In fact, the securities markets would likely become far more “efficient” as to the pricing of securities. IPOs of common stock, which on average underperform the overall market in the first two years after issue (due to the hype provided by investment banking firms which underwrite the firms), would likely be much more fairly priced. Asset price bubbles would receive far more scrutiny, as they began to occur, as experts better evaluated the available evidence in adherence to their fiduciary duty of due care to protect their clients against undue risks.
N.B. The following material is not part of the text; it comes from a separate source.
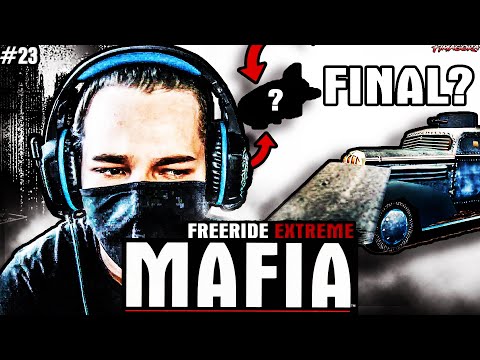 Видео: ГЛАВНЫЙ ВРАГ (ФИНАЛ ПРОГУЛКИ)?!?!??!?!?!?!?!?!?!?!?!?!?!? (Mafia: The City of Lost Heaven #23)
Another type of efficiency would occur, over time. Hundreds of thousands of purchaser’s representatives – fiduciary, expert advisors – would place pressure on the Wall Street oligarchy that controls investment underwriting today. Fees and costs in the primary market for securities issuance would decline. Continued disintermediation in the secondary markets would also occur. Consider the excessive costs imposed upon investors by “payment for order flow” (exacerbated by dark pools and high-frequency trading firms) and “revenue-sharing” arrangements today; pressure would be put on brokers and dealers to eliminate, or at least substantially reduce such payments, should expert advisors accompany more of the consumers of securities products today. Of course, that may be exactly what Wall Street fears most, from the application of the fiduciary standard, and hence why Wall Street opposes a bona fide fiduciary standard so ferociously.

In summary, those who desire to see a reduced role for government, a lesser number of regulations, and reduced need for government to oversee Wall Street, should embrace the application of a bona fide fiduciary standard to all providers of personalized investment advice. Applying the fiduciary standard is the ultimate in securing a marketplace solution to Wall Street's continued abuses. Policy makers should recognize this - regardless of their political affiliation.